The video for “Worth It,” from Have fun, takes place as a surreal fashion show. On Believer, Smerz embodies this aesthetic of elegant detachment, as on one composition titled “Versace Strings.” Discussions of frosty, Nordic fashion instantly recall the album cover of Björk’s Homogenic, a progenitor of Believer’s sonic palette of beats and strings. These strings are perhaps the defining feature of the duo’s new album when compared to their back catalog. They prove extremely versatile across the record, alternately imparting pomp and circumstance or escalating drama. Many of Smerz’s arrangements also pay homage to their Norwegian heritage, influenced by the same regional folk music as composers like Edvard Grieg or Ole Bull





For much of its runtime, Believer’s flow feels like a suite of classical music. Half of the album’s 16 tracks are around two minutes or less. Many of these shorter pieces, like “4 temaer,” are collages of chamber orchestration that merit comparisons to the likes of Bach. It would be tempting to label these shorter songs as “interludes,” but Smerz has created an album that is more of a holistic composition. There are even motifs across the tracklisting, like the string swells from “Rain” that pop up again on “Grand Piano.” The breakdown of Believer into individual tracks lets listeners separate their favorite songs into playlists, while the album as a whole is more easily digestible than a project like XL labelmate Arca’s hour–long single “@@@@@.”

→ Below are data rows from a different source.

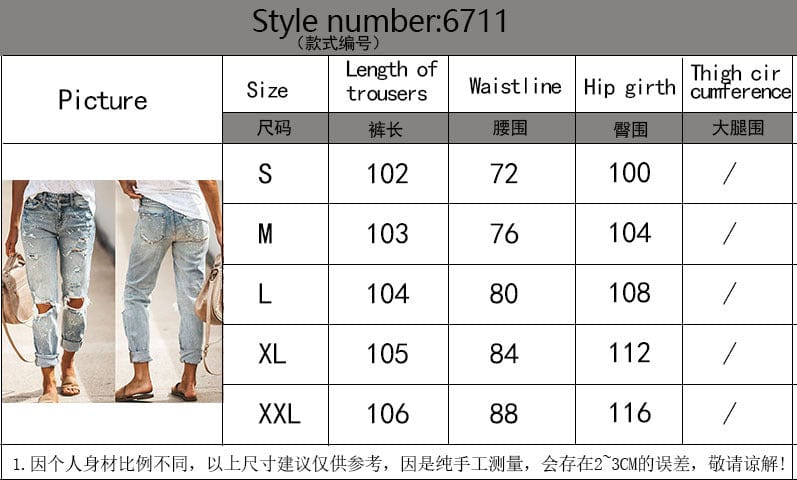 Wholesale Women High Waist Celana Jeans Pant Skinny Destroyed Ripped Pantalon Jeans Femme De Mujer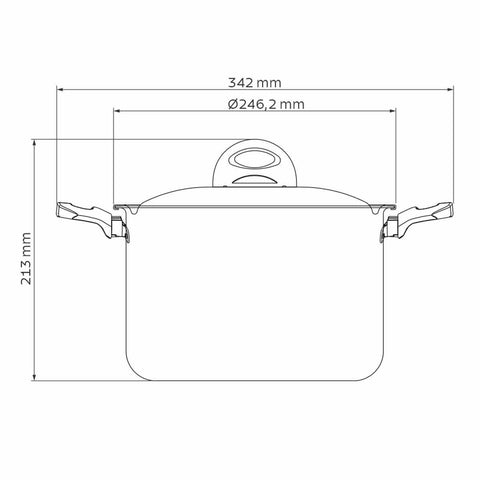 Espagueteira Tramontina Loreto em Alumínio 22cm 5,7L Antiaderente Starflon Max Grafite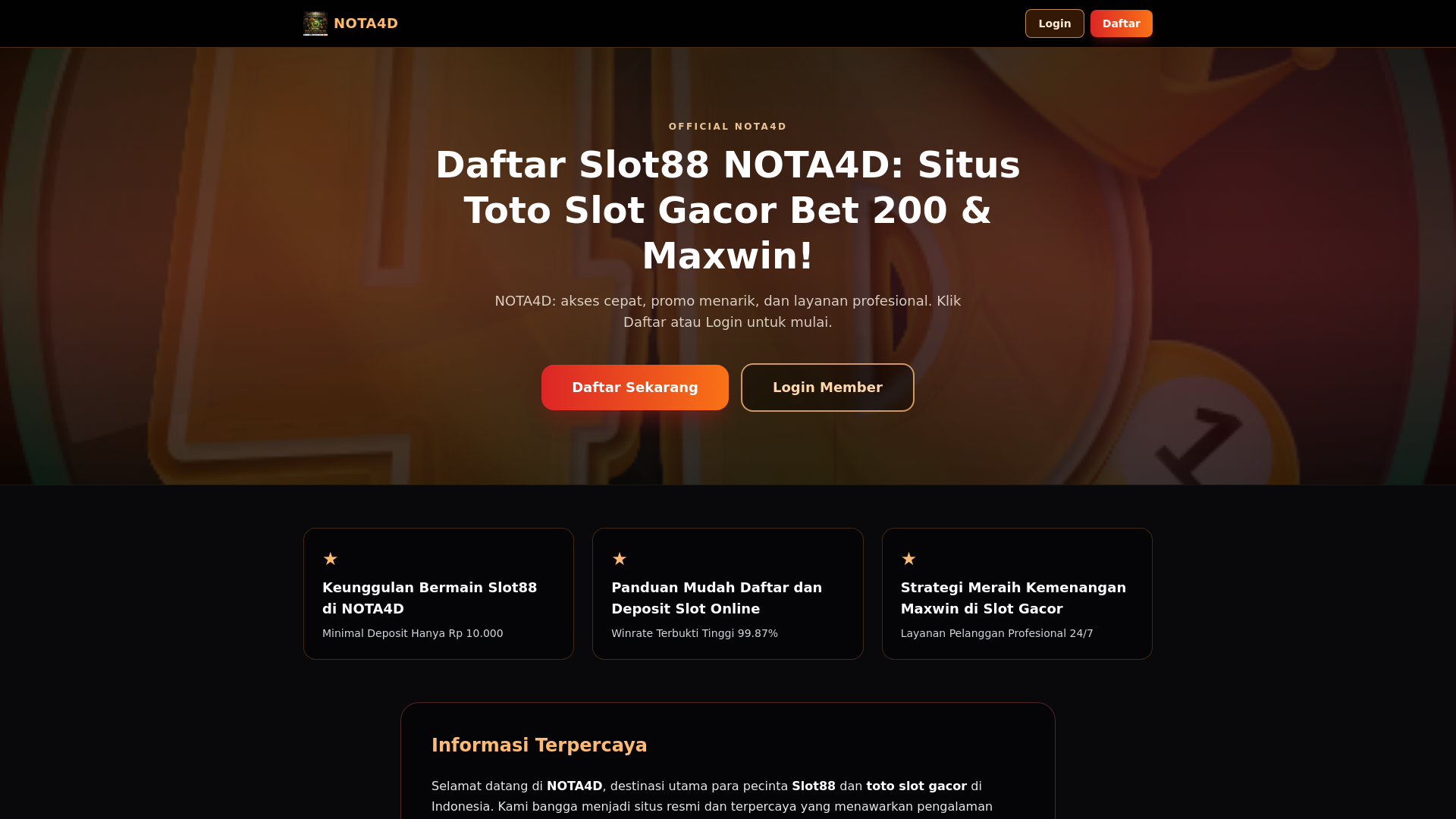 website screenshot of https://nota4d-daftar-slot88-el2.pages.dev/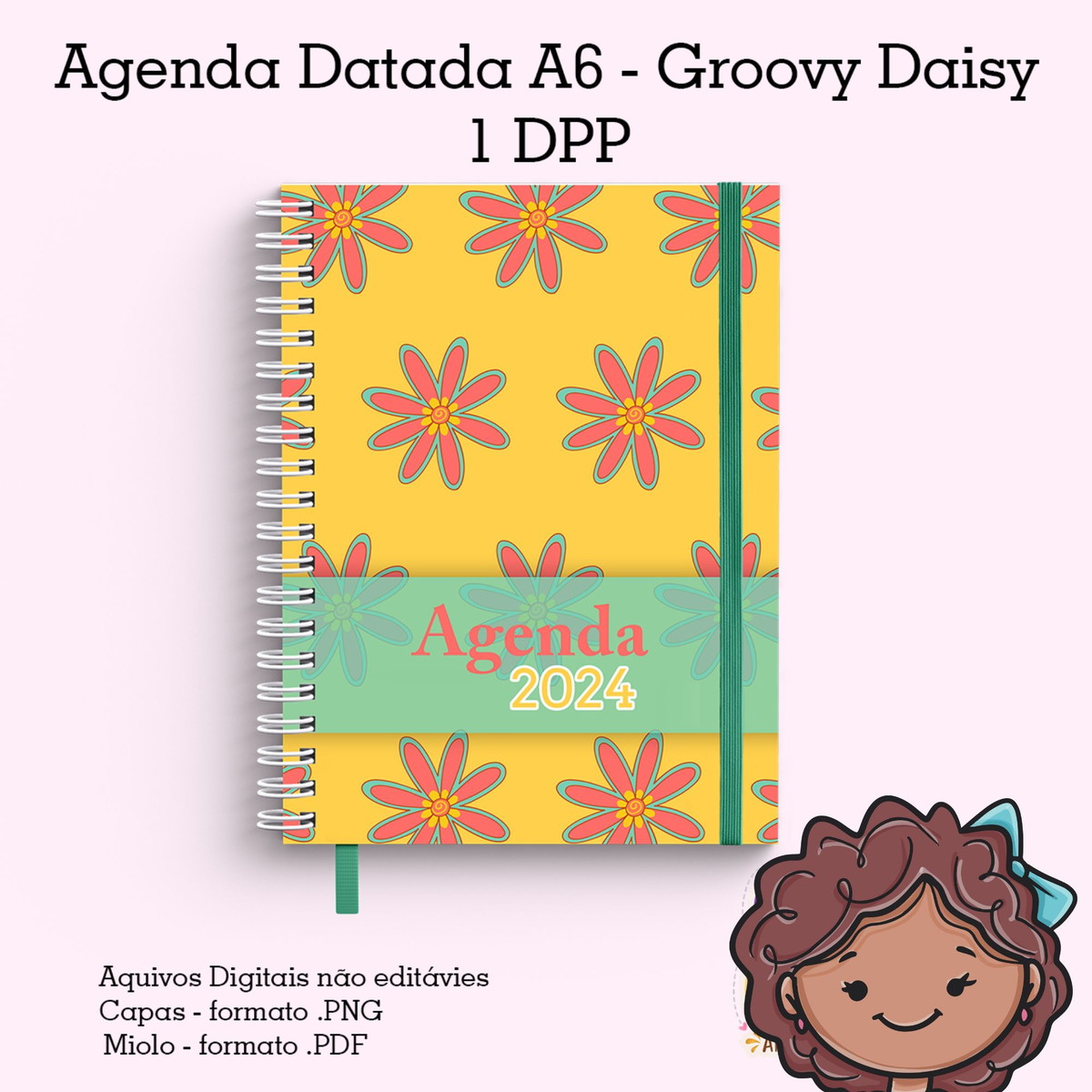 Arquivo Digital Agenda 2024 1990 Elo7 Produtos Especiais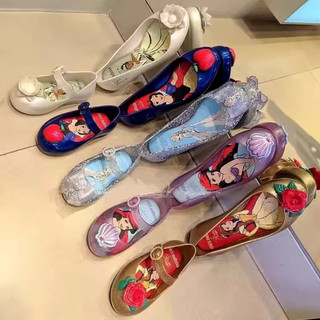2025 Phong Cách Mới Melissa Giày Trẻ Em Vừa Lớn Trẻ Em Dễ Thương Công Chúa Bé Gái Dép
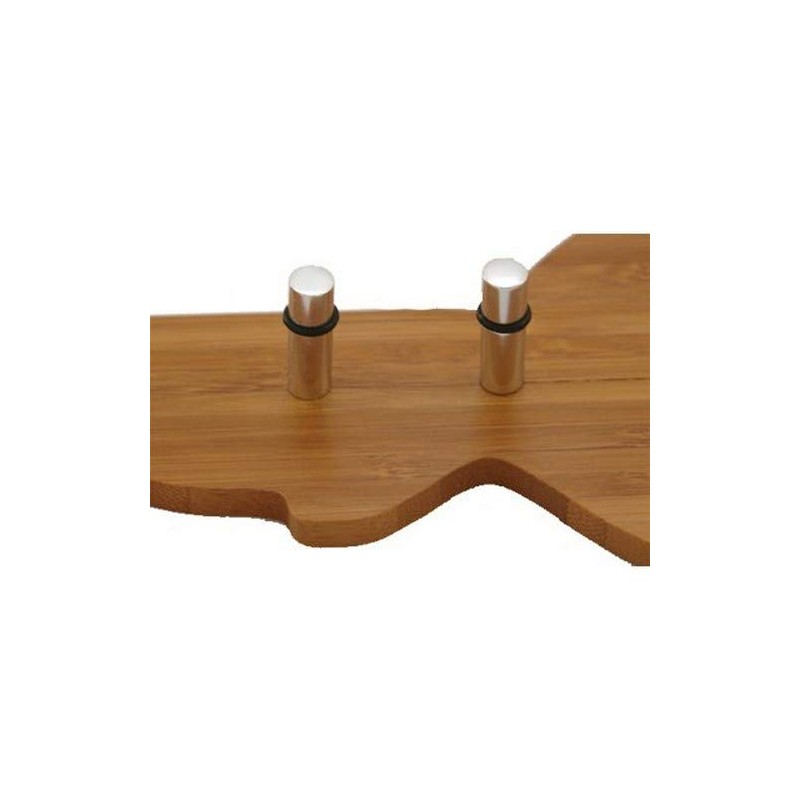 Zeller 13590 Key Holder Bamboo/Stainless Steel 35 x 4 x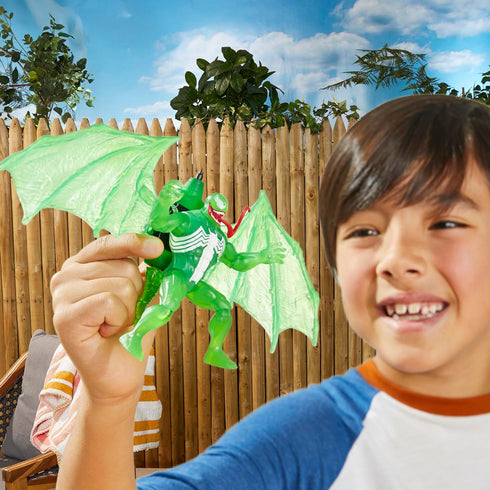 Marvel Epic Hero Series Web Splashers Green Symbiote Venom Hydro Wing Blast, Action Figure and Vehicle Playset, Spider-Man Super Hero Toys for Kid...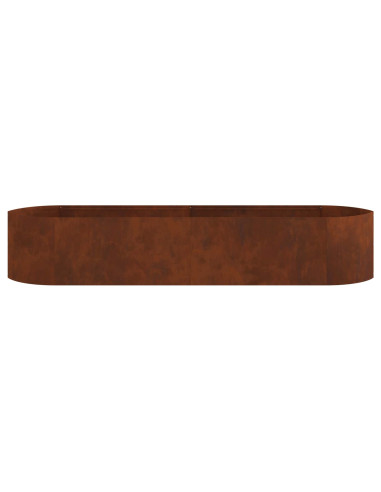 Letto rialzato da giardino Acciaio Corten 220 x 40 x 40 cm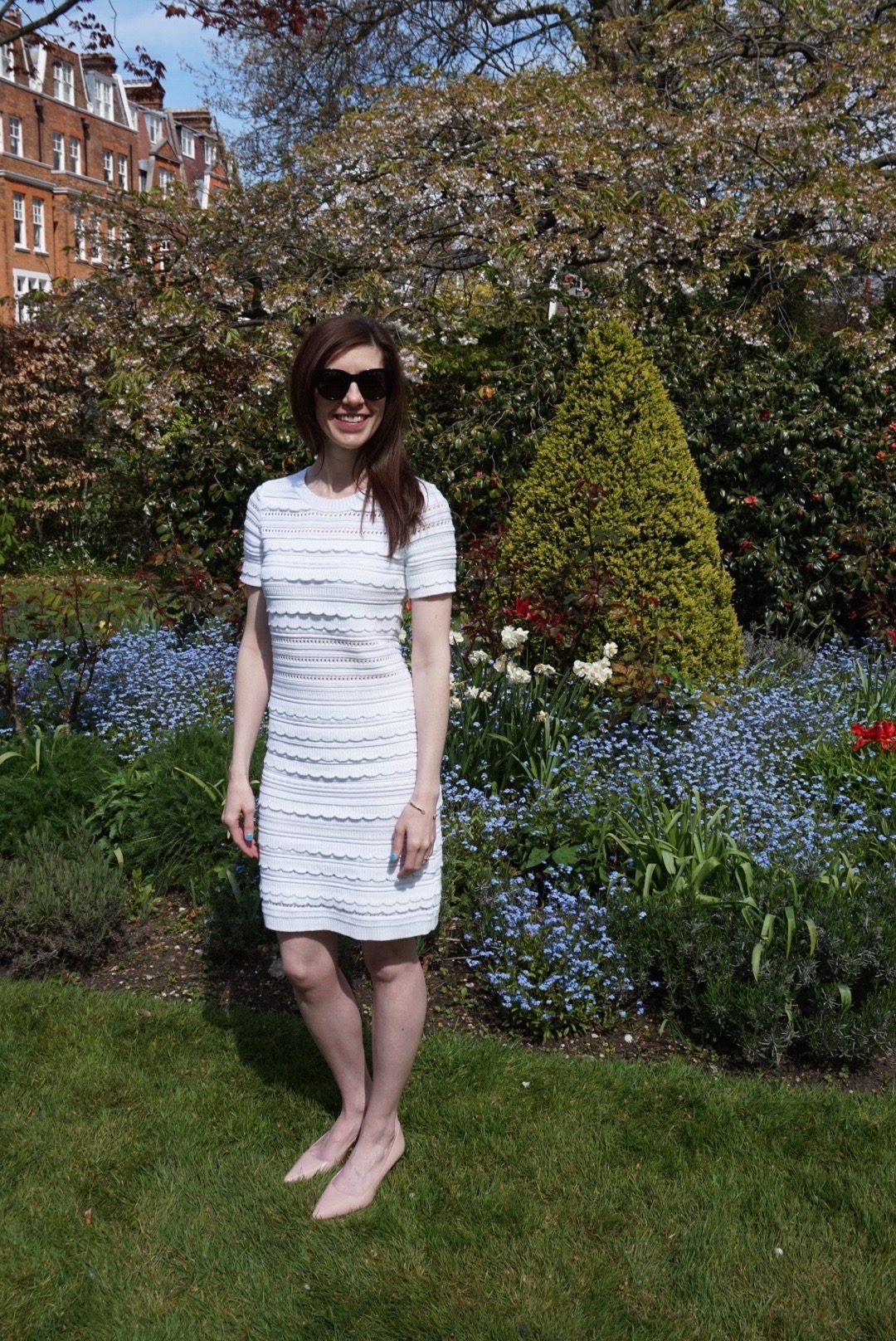 banana republic little white dress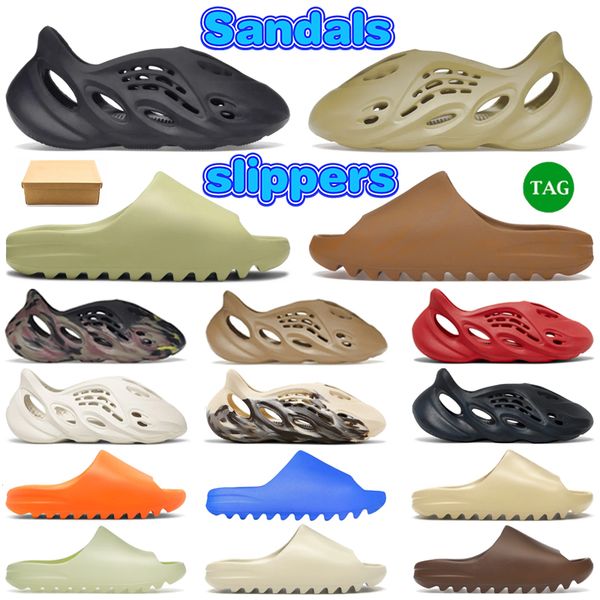with box designer slippers mens slides foam runner sandals vermilion onyx mx carbon sulfur beach slipper ochre bone resin desert sand flax s, Black
with box designer slippers mens slides foam runner sandals vermilion onyx mx carbon sulfur beach slipper ochre bone resin desert sand flax s, Black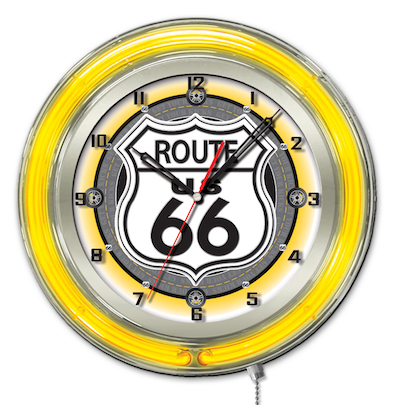 Route 66 Neon Clock 19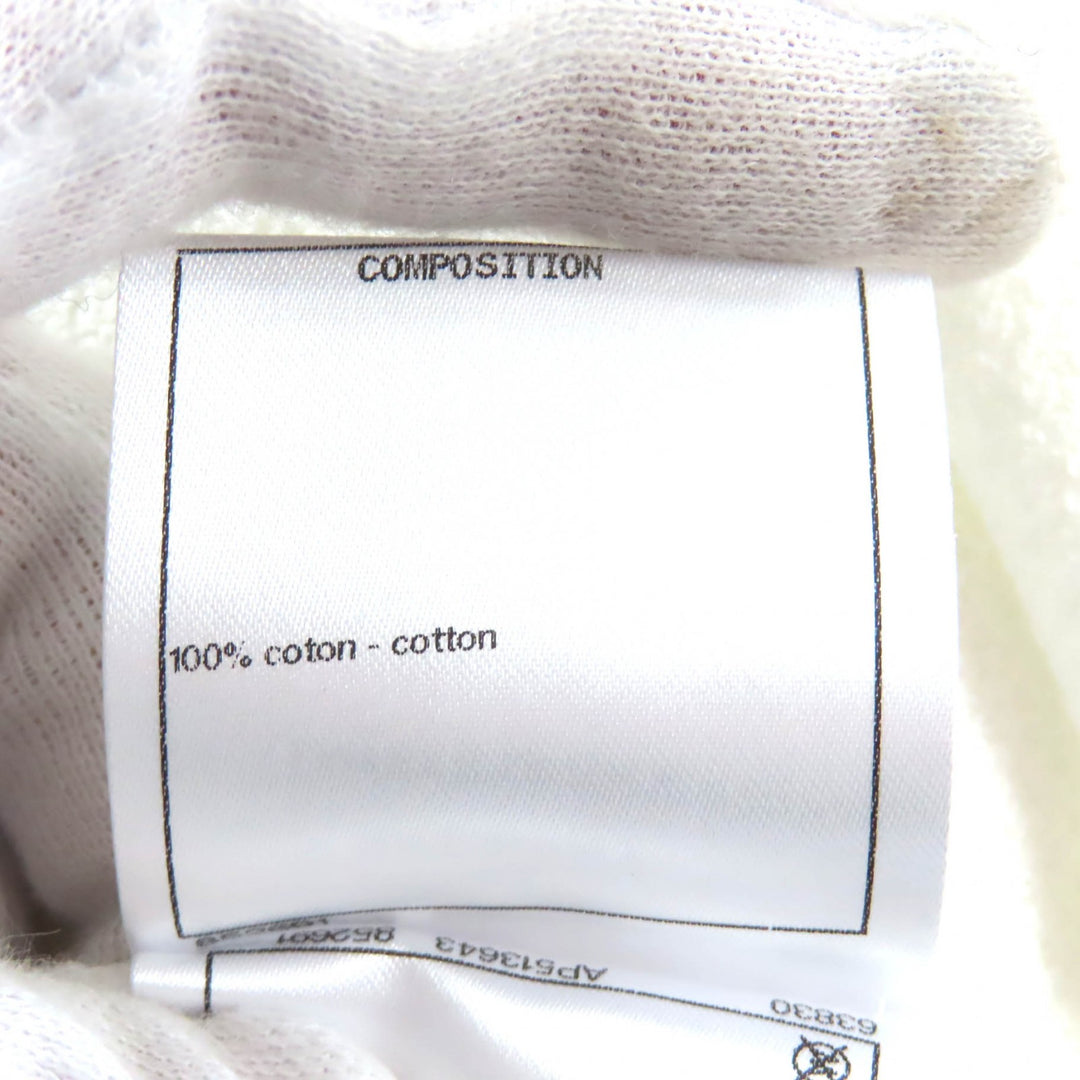Excellent CHANEL tops Rhinestone COCO Button Long Sleeve 38 22B P73461 K10553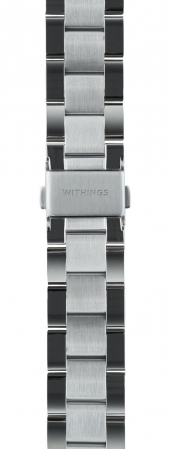 Laptop, Tablete & Telefoane - Withings Metal 3in1 Wristband 18mm w Silver buckle for Scanwatch 38mm, Steel HR 36mm, Withings Move - Silver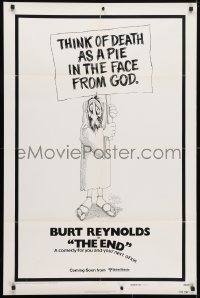 4t266 END advance 1sh 1978 Gahan Wilson art, death is a pie in the face from god!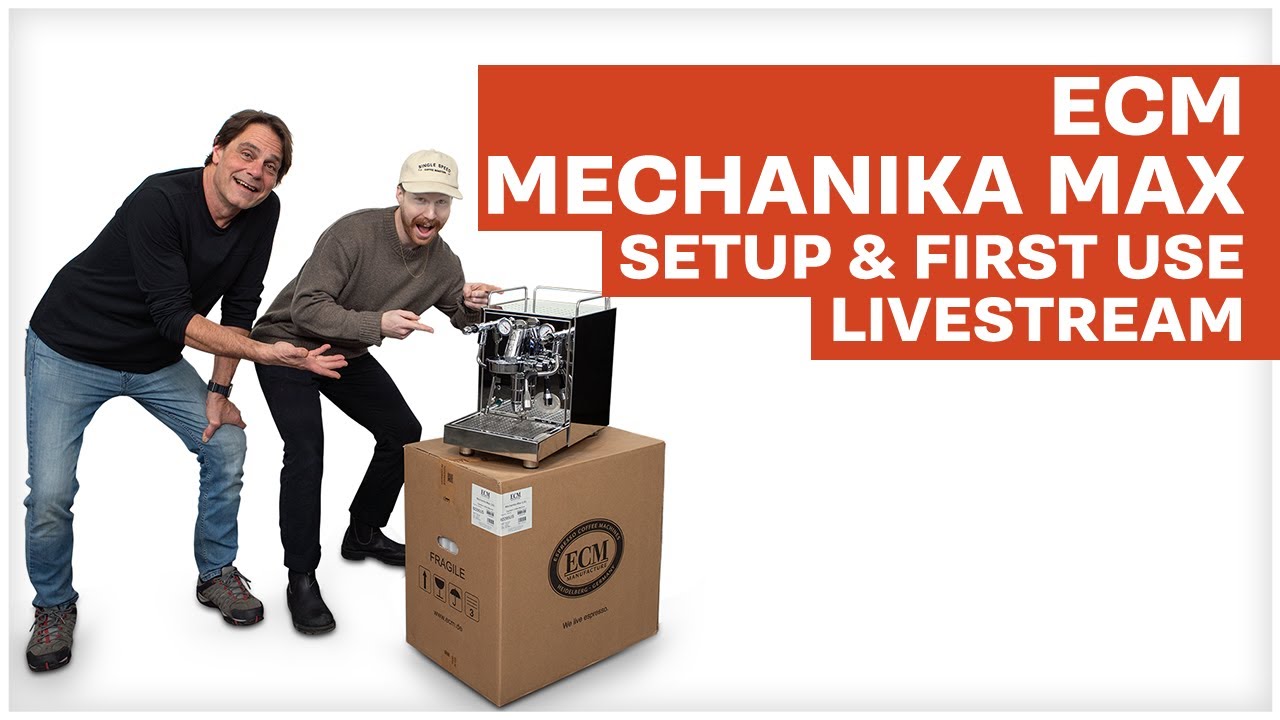 ECM Mechanika Max : Unboxing, Startup, & First Use Livestream
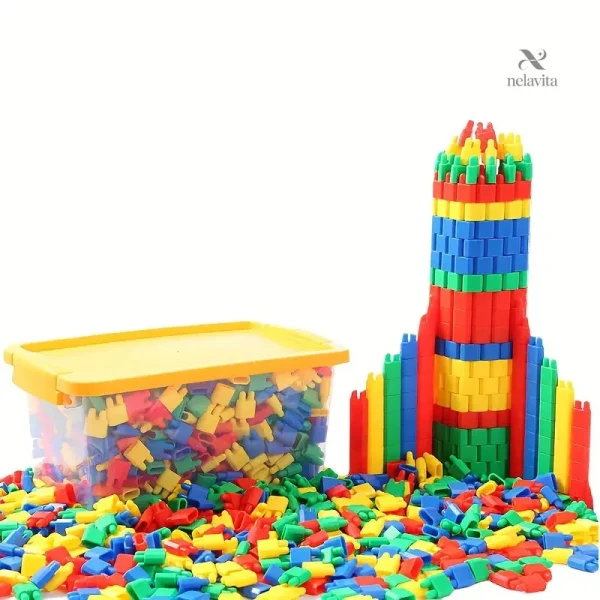 Boîte de rangement pratique pour les blocs de construction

Both “Versace Strings” and “The favourite” feature choral vocals—heretofore unheard on a Smerz record—courtesy of Motzfeldt’s youth spent singing in choirs. Alternatively, one might come upon the album’s spoken–word “Rap interlude,” which has a playfulness and carefree swagger akin to Kreayshawn. The work of French–Canadian electronic artist Marie Davidson is a key touchstone for Smerz, particularly on her 2016 record Adieux Au Dancefloor. On that project, Davidson combines spoken word and club music to produce scathing indictments of club culture itself. Play and experimentation are key to Smerz’s appeal, the kind which can only be achieved through a long–term friendship's trust and openness.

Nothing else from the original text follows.